Facebook reconnaît accepter des annonces discriminantes

d'Lëtzebuerger Land du 24.11.2017

Après une enquête de l’agence ProPublica dont les résultats ont été révélés cette semaine, Facebook a dû platement reconnaître avoir failli à ses propres règles et à la législation américaine interdisant toute discrimination raciale lors de la publication d’annonces immobilières.

ProPublica, une agence de presse d’investigation à but non lucratif basée à New York, a rédigé des douzaines d’annonces immobilières, les a soumises pour publication au réseau social en les accompagnant de critères de diffusion délibérément discriminantes et a mesuré à chaque fois le temps s’écoulant entre soumission et approbation. Dans la plupart des cas, rapporte-t-elle, il n’a fallu attendre que quelques minutes pour obtenir le feu vert du réseau. Une annonce proposant de louer un appartement avec pour critère de diffusion explicite d’exclure de la cible les Afro-Américains, les Américains d’origine asiatique et les publics hispanophones a ainsi été approuvée en moins d’une minute, a précisé ProPublica.

La législation américaine prohibe toute discrimination raciale dans les annonces immobilières, d’emploi et de crédit. Dans le domaine immobilier, c’est le Fair Housing Act qui fixe les règles : il interdit, tant pour la vente que pour la location de logements, les annonces qui « indiquent une préférence, limitation ou préférence fondée sur la race, la couleur de peau, la religion, le sexe, le handicap, le statut familial ou l’origine nationale » ; les contrevenants s’exposent à des amendes de plusieurs dizaines de milliers de dollars.

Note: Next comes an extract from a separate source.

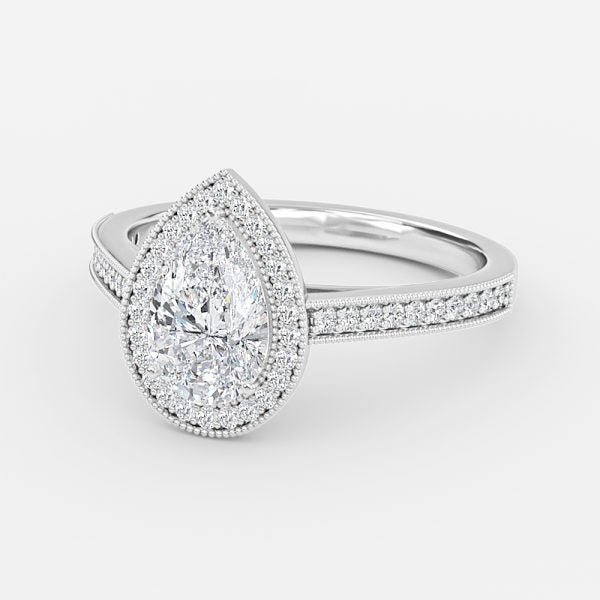 Haven Pear Halo Moissanite Engagement Ring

Pourtant, Facebook avait déjà été pris en flagrant délit en 2016 sur ce même terrain, après qu’il eut été démontré que le réseau acceptait comme critère de diffusion de ne cibler que les publics blancs. En février dernier, il avait alors annoncé la mise en place d’un dispositif censé éviter ce genre de dérapage, avec un filtre éliminant d’emblée certains critères ouvertement discriminants et des écrans d’auto-certification sur lesquels les annonceurs étaient invités à confirmer le caractère non-discriminant de leurs annonces.

Cela n’a pas empêché les annonces assorties de critères excluant explicitement des catégories telles qu’Afro-Américains, mères de lycéens, personnes nécessitant des rampes pour handicapés, Juifs, expatriés d’Argentine ou hispanophones, d’être acceptées ces dernières semaines lors de l’enquête menée par ProPublica. « C’est un échec dans l’application (de nos règles) et nous sommes déçus de ne pas avoir été à la hauteur de nos engagements », a reconnu Facebook.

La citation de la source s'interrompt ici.